Monday, December 15, 2008

Wake up Song

I have a bunch of posts at least half way done for this blog, but for some reason they haven't made it up yet. There's one about the guy I was staying with, another about a guy I met in Durham, and another on church. Those will show up eventually, but I was inspired to put down a few words about something that happened tonight.

In the first post on this blog, I wrote about how I'm not sure how to handle all the thanks and praise I've been getting from friends and strangers for my work on the campaign. At the time, it made me feel awkward, because I wanted to respond with something like, "Honestly, I was just doing my job, and probably a lot of other people would have done it better." That's not what I would say of course, but it was always lingering behind my words. I've gotten better at taking in the thanks of others, but there was still something external about it. The praise only affected me to a point, and my responses came from that amount of depth, and no further.

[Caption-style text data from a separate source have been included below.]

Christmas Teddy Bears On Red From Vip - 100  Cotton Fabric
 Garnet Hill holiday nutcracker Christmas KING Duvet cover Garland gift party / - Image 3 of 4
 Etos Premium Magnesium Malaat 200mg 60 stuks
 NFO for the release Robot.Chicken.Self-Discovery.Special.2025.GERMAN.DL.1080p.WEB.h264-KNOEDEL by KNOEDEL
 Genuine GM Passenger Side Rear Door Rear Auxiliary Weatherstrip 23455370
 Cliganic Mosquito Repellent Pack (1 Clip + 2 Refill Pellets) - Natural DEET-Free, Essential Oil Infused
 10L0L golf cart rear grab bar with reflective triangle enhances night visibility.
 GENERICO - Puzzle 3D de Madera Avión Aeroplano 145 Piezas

Tonight all that was nowhere on my mind when I went to see a friend's episodic, gay soap opera. Every week they perform at a bar that has an upstairs part with a stage. I'd been there once before for karaoke night when I delivered a stirring rendition of Sweet Jane. The show follows the drama and exploits of a bunch of gay folk in Chicago. I was lucky enough to see the musical episode. Toward the end, completely unrelated to the plot, a character ran on stage and said "I've been living under a rock for the last month, who won the presidential election?" At that moment the cast broke into an ode to Obama. It was funny and silly like most of the rest of the show, but in those 20 seconds of song I found myself feeling unexpectedly proud. When Obama won I was happy that he would be the next president, and that the journey was over. When he started naming cabinet positions, I got excited because it made the idea of him being president more real to me. When the gay musical interrupted itself to be happy about his victory, it hit me in the chest. No one (that I know of) has ever felt the need to write and perform a song in celebration of something I was a part of.

My mind is satisfied knowing that we have a president who may just be able to steer this country through the layered, textured mess we find ourselves in, but my body doesn't know so much about that. It can't taste the recession. It can't see the wars. It can't touch the issues around where we get our energy. It heard the song though. It heard it and it liked it. Feelings source from our bodies and while the rules of bodies are logical, they are often hidden from our conscious minds. I could tell other people that I prefer that they thank me in song, but it might make more sense to tell myself that a lot of people are really happy about this, and some of them are just going to read the New York Times and thank the Obama staffers they happen to come across.